July 10th, 2015 by Lou
If the Mets didn’t have bad luck, they wouldn’t have any luck. Okay, I know I didn’t make up that phrase but it certainly is appropriate for the Mets in the wake of the latest injury news. That being that Steven Matz, the left handed pitching and hitting sensation from Long Island, will sit out the next three weeks with a partial tear of the lat muscle on his left side. He likely will not be back till the end of August or early September.
Once again, Mets fans are calling for the heads of management for toiling their mustaches while full well knowing their new star attraction was hurt. Of course the facts play out differently. Apparently Matz complained of slight stiffness after his first start with the Mets but really was of no immediate concern. Prior to his start against LA Matz felt fine then went out and threw six shutouts innings to prove it. Afterwards the stiffness was back so the Mets decided to check it out and that’s when the MRI showed the tear. Matz says he feels fine even now. So the injury is not serious but does require rest plus he was given a PRP injection.

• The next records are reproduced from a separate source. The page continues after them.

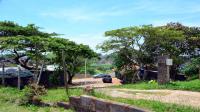 21 Bedroom 4 Bathroom House for Sale for sale in Isipingo Hills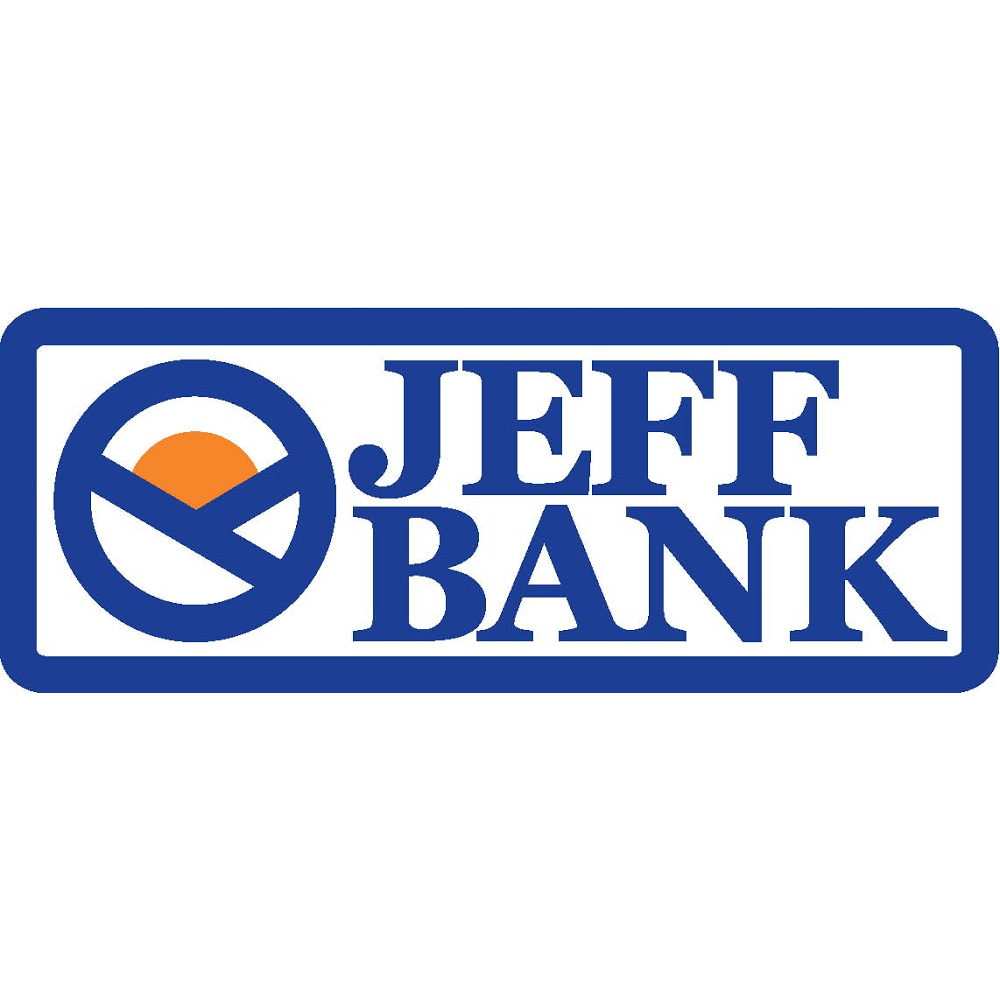 Jeff Bank | 4864 NY-52, Jeffersonville, NY 12748 | Phone: (845) 482-4000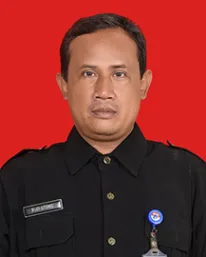 Guru & Staff BUDI UTOMO profil budi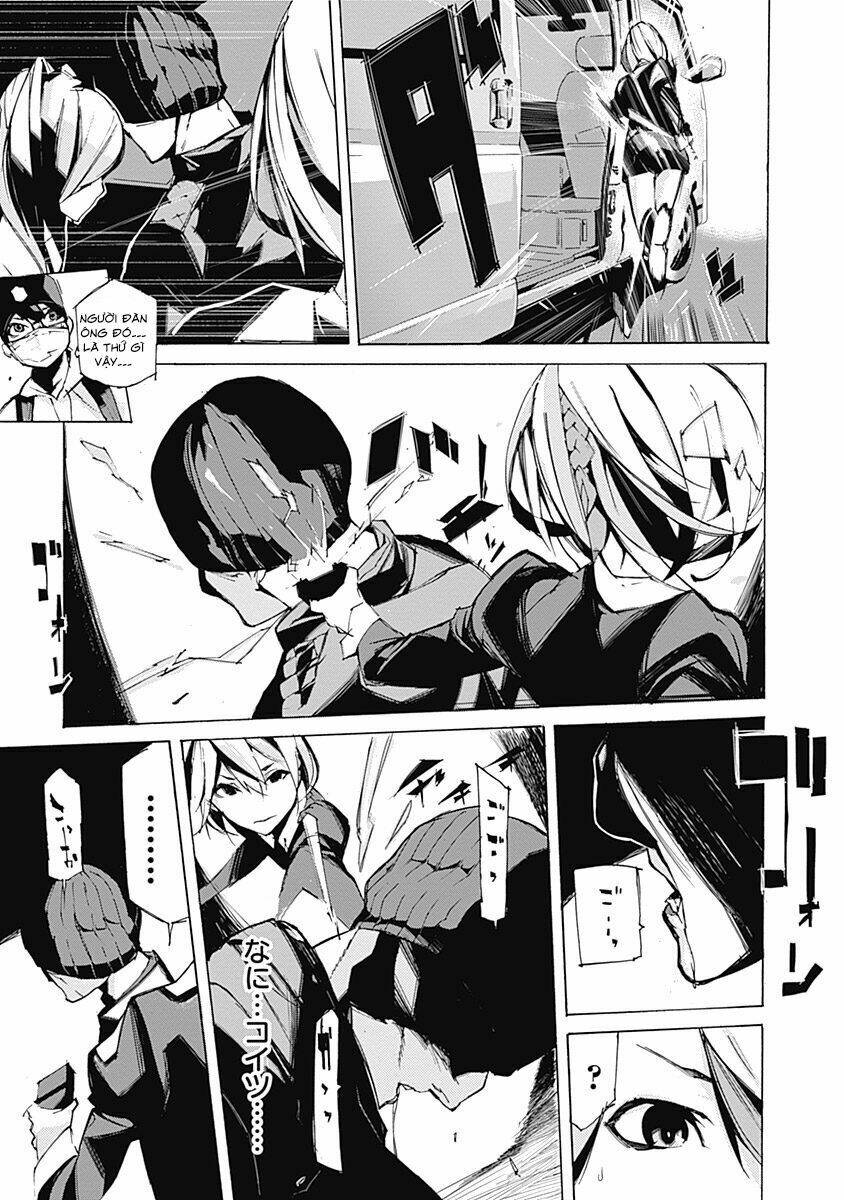 helvetica chapter 6 14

To read some of the comments on the Metsblog post, you might come away thinking the Mets organization is a diabolical group hell bent on destroying their own players for the sheer joy of making their fans suffer. That’s quite a business model. Or is the other side of the story more true. That is that often the case, athletes in tip top condition still get hurt.
Look, Mets brass has made their share of blunders and I would be the first to point that out. Like making right center in Citi Field the farthest distance from home plate stripping their star third baseman of his natural opposite field power. Hey great idea Jeff. However, when it comes to injuries…well stuff happens.
Did the Miami media and fan base blast Marlins ownership when Giancarlo Stanton swung so hard at the plate last week that he broke his wrist? Maybe they did, I don’t know. The point is injuries happen and not just to the Mets. Teams with depth survive. Teams without it don’t. The Mets can actually survive Matz’s injury because pitching is the one area where the club is loaded with depth. Obviously we cannot say that about the offensive side of the game, at least not yet.
Why is it that the media always starts a witch hunt when it comes to the Mets? I think they sense the fan base is so fed up, they will be able to sell more by continuing to feed the frenzy. Look, if you want to discuss the merit of giving up prospects or an ace pitcher for a mid-level bat, so be it. But where is it in the Mets’ best interest to throw caution to the wind and let their players play hurt?
Go to the MLB teams’ web sites and check out the rosters. Most teams have more than one player on the disabled list. Now no question the Mets have had some very tough luck this season when it comes to injuries but why all the negativity? Really, how does that do anything for your overall health? Why not look at it this way. With all the injuries, regardless how inaccurate the diagnoses were, with all the poor offense and defensive miscues, the Mets still find themselves in contention. That has to account for something. Unfortunately the fan base has become so negative, and not without reason, if the Mets lose the seventh game of the World Series, they will still be calling for Sandy Alderson’s head.